**WHAT IS REQUIRED:** With pictures removed, output every record below exactly as written.

**RECORDS FOR THIS EXERCISE:**
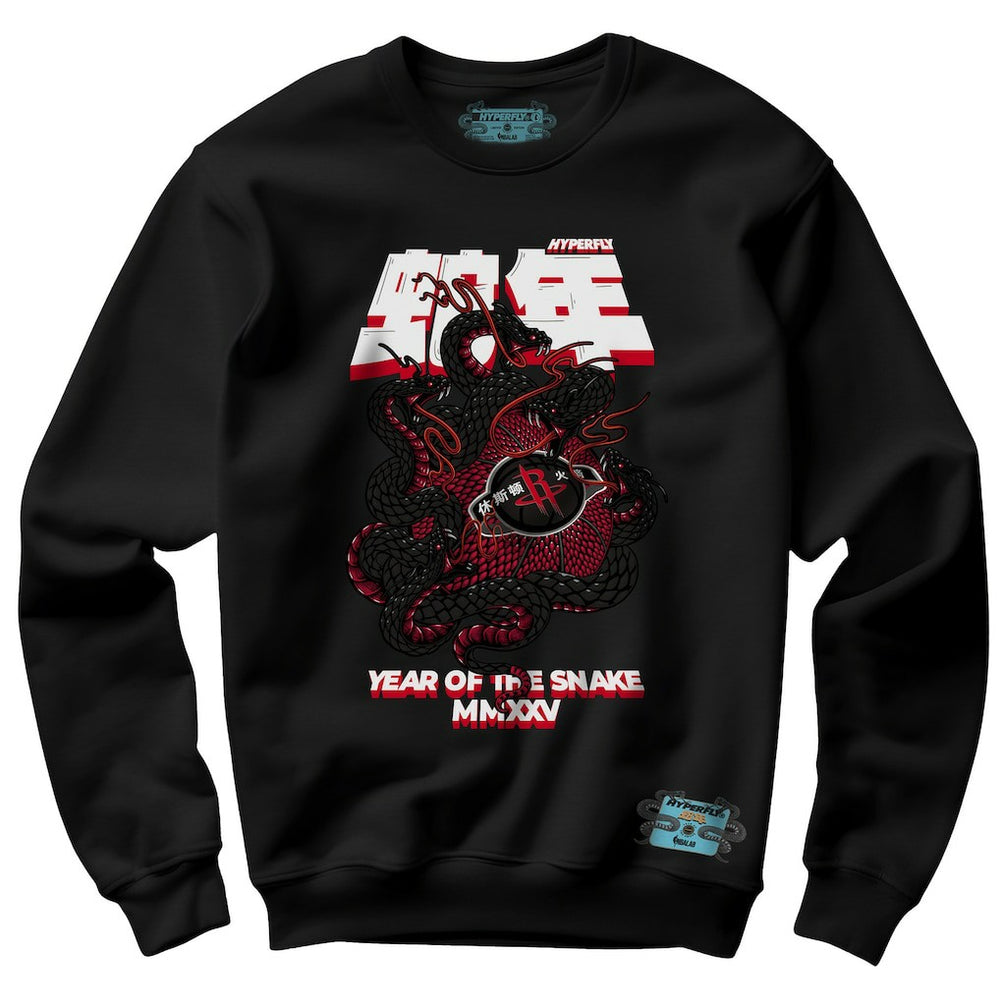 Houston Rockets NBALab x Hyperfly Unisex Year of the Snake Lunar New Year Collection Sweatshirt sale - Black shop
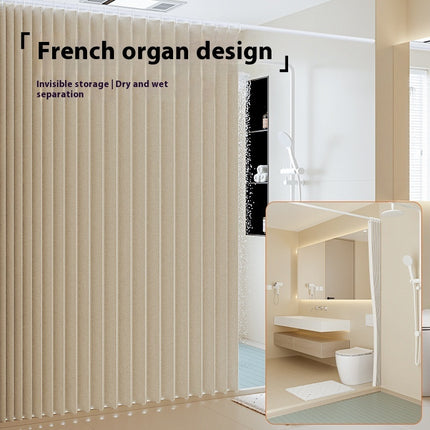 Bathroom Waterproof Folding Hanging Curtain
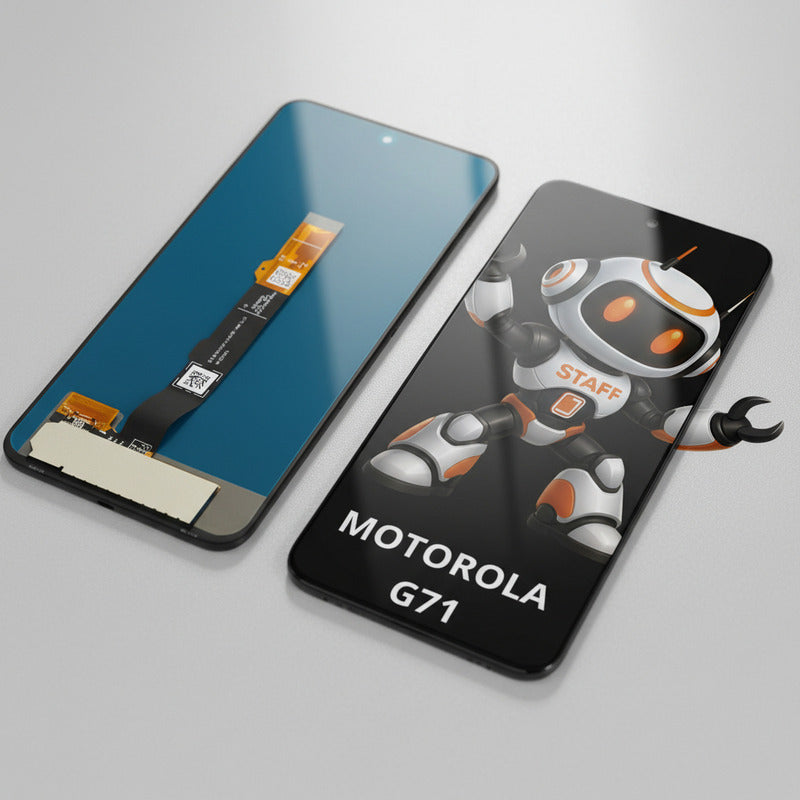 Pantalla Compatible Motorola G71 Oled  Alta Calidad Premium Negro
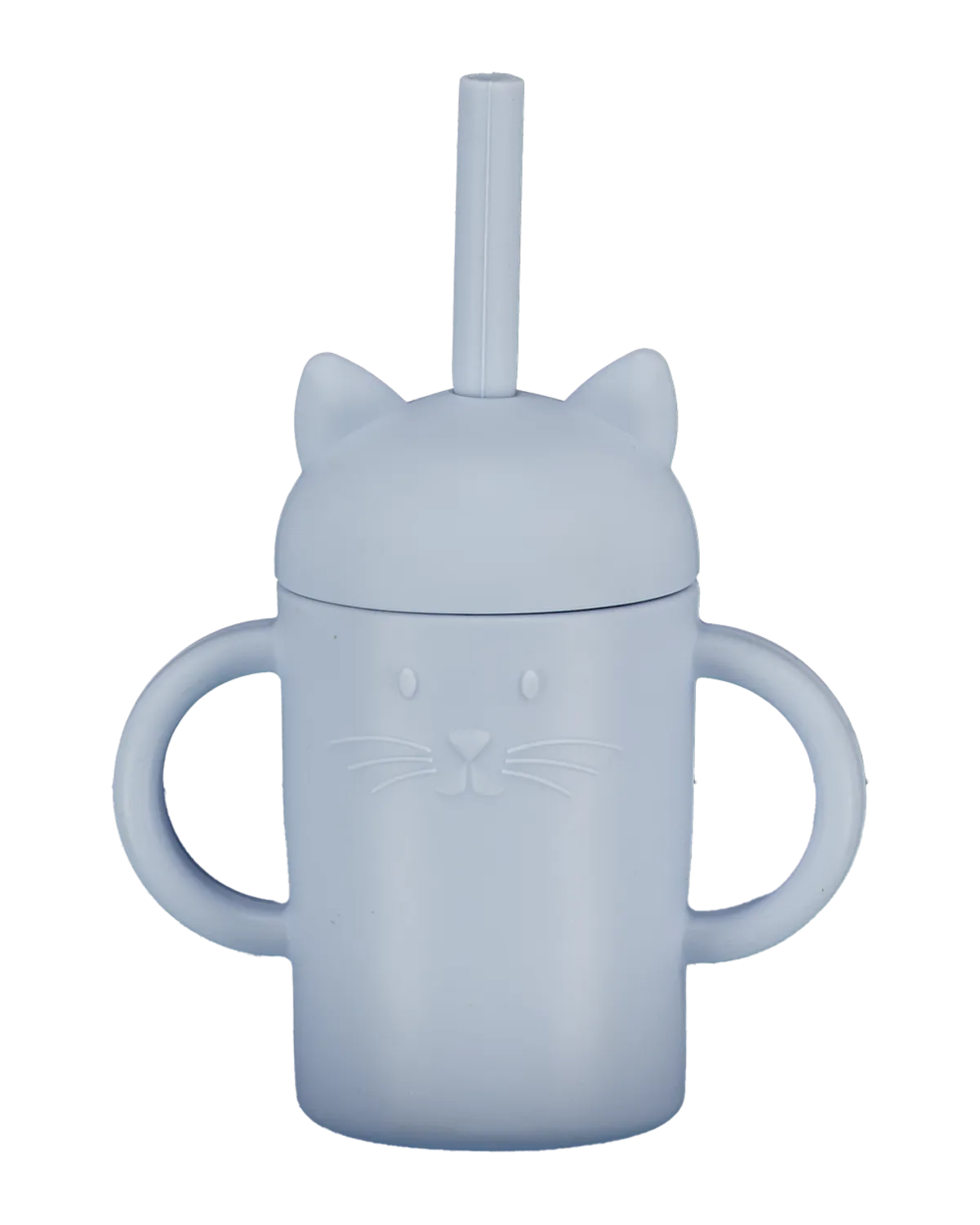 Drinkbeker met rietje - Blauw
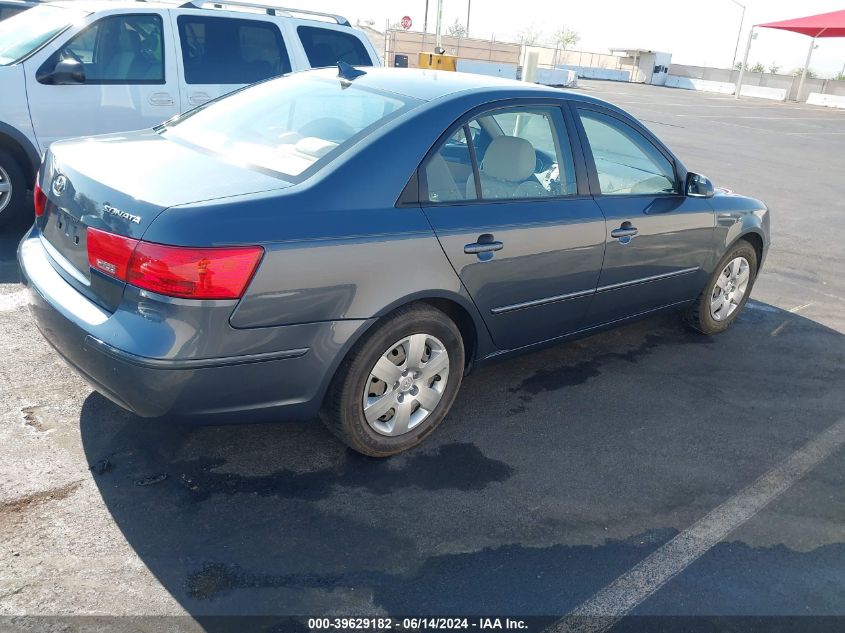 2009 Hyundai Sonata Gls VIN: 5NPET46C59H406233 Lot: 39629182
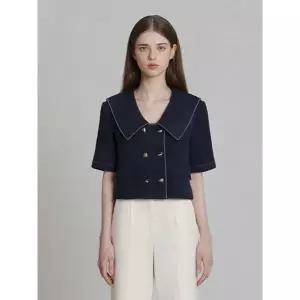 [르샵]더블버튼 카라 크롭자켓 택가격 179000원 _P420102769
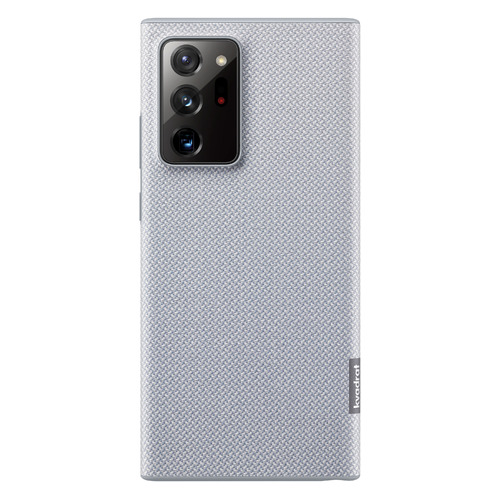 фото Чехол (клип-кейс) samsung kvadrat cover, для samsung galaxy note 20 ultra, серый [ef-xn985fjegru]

**RESPONSE TO THIS TASK:**
 Houston Rockets NBALab x Hyperfly Unisex Year of the Snake Lunar New Year Collection Sweatshirt sale - Black shop
 Bathroom Waterproof Folding Hanging Curtain
 Pantalla Compatible Motorola G71 Oled  Alta Calidad Premium Negro
 Drinkbeker met rietje - Blauw
 2009 Hyundai Sonata Gls VIN: 5NPET46C59H406233 Lot: 39629182
 [르샵]더블버튼 카라 크롭자켓 택가격 179000원 _P420102769
 фото Чехол (клип-кейс) samsung kvadrat cover, для samsung galaxy note 20 ultra, серый [ef-xn985fjegru]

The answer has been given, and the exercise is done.